Distributed Cooperative Energy Management in Smart Microgrids with Solar Energy Prediction

Abstract

Smart Microgrid (SMG), integrated with renewable energy, energy storage system and advanced bidirectional communication network, has been envisioned to improve efficiency and reliability of power delivery. However, the stochastic nature of renewable energy and privacy concerns due to intensive bidirectional data exchange make the traditional energy management system (EMS) perform poorly. In order to improve operational efficiency and customers’ satisfaction, we propose a distributed cooperative energy management system (DCEMS). We adopt recurrent neural network with long short-term memory to predict the solar energy generation with high accuracy. We then solve the underlying economic dispatch problem with distributed scalable Alternating Direction Method of Multipliers (ADMM) algorithm to avoid single point of failure problem and preserve customers’ privacy.

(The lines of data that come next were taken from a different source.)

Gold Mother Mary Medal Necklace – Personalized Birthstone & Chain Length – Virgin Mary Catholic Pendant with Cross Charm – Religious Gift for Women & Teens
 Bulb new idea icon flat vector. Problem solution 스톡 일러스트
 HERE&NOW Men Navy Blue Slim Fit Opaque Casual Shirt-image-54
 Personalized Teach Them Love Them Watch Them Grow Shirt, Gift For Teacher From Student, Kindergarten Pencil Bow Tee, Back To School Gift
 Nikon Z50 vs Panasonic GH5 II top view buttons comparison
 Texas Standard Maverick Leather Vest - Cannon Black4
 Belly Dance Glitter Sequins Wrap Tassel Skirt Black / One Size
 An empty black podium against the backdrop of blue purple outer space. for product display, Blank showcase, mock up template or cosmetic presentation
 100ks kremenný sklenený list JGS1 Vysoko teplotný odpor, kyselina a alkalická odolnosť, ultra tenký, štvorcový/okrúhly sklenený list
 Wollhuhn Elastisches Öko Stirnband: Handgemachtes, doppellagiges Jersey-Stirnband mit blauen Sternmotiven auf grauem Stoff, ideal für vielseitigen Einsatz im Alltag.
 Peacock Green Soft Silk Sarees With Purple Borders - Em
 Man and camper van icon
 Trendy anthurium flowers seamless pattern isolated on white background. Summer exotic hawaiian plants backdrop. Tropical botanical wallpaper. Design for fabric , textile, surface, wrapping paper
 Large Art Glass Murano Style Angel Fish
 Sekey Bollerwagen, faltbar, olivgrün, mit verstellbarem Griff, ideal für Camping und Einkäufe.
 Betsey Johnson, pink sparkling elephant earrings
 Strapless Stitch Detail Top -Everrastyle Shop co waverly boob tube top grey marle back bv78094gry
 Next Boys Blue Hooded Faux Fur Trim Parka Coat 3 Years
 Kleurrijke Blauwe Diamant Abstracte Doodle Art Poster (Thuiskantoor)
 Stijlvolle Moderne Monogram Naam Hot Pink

In the first stage, each SMG optimizes its operation decision vector in a centralized manner based on one-day ahead solar energy generation prediction. In the second stage, all SMGs share their energy exchange information with directly connected neighboring SMGs to cooperatively optimize the global operation cost. The proposed DCEMS is deployed in our distributed SMGs emulation platform and its performance is compared with other approaches. The results show that the proposed DCEMS outperforms heuristic rule-based EMS by more than 30%. It can also protect customers’ privacy and avoid single point of failure without degrading performance too much compared to centralized EMS.